Acordo de R$ 170 milhões com poder público
Em outubro de 2024, as mineradoras e o poder público assinaram um novo acordo para a reparação dos danos causados pelo rompimento da barragem da Samarco, no valor de R$ 170 bilhões. O montante inclui R$ 38 bilhões gastos antes da repactuação.
Um novo acordo foi costurado porque as ações de reparação desenvolvidas pela Fundação Renova, criada pelo Termo de Transação e Ajustamento de Conduta (TTAC) firmado no ano seguinte à tragédia, foram consideradas insuficientes.
Com a repactuação, parte das obrigações que cabiam à Renova foi transferida para o poder público. O governo federal e os estados de Minas Gerais e Espírito Santo devem usar o dinheiro das mineradoras para investir, por exemplo, em mobilidade, saneamento básico e projetos de interesse das comunidades atingidas.
Além disso, a União passou a cuidar de um programa de transferência de renda para agricultores familiares e pescadores profissionais afetados pelo rompimento da barragem.
Para Mônica dos Santos, atingida que morava em Bento Rodrigues, comunidade destruída pela lama, o novo acordo ainda não se mostrou benéfico.
"A gente só consegue perceber a lentidão nesse processo de reparação", afirmou.
Indenizações individuais, reassentamentos e recuperação ambiental
Parte do recurso – R$ 32 bilhões – ficou sob execução direta da Samarco, responsável pelo pagamento de indenizações individuais, reassentamentos e recuperação ambiental.
Segundo a empresa, desde a homologação do novo acordo, as indenizações individuais e os auxílios financeiros quitados somam R$ 14 bilhões. Outros R$ 18,1 bilhões tinham sido despendidos pela Fundação Renova até setembro de 2024.
Processo na Justiça inglesa
Em 2018, milhares de atingidos pelo rompimento da barragem entraram com uma ação civil pública contra a BHP na Justiça inglesa. Na época da tragédia, a mineradora estava listada na Bolsa de Valores de Londres. Por esse motivo, o processo não incluiu diretamente a Vale, acionista brasileira da Samarco.
Pessoas, comunidades, municípios, igrejas e empresas reivindicam mais de R$ 260 bilhões em indenizações.

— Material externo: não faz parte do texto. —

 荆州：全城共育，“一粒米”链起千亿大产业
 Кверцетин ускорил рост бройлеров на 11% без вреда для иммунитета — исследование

A primeira fase do julgamento tratou da responsabilidade da empresa pelo desastre e foi concluída em março deste ano, mas a sentença final da juíza Finola O'Farrell ainda não foi publicada.
Enquanto a sentença não sai, estão ocorrendo audiências de preparação da segunda fase, que vai decidir como a tragédia afetou cada atingido e o montante a ser pago, caso a BHP seja condenada. Se isso acontecer, a Vale, acionista brasileira da Samarco, vai arcar com metade do valor.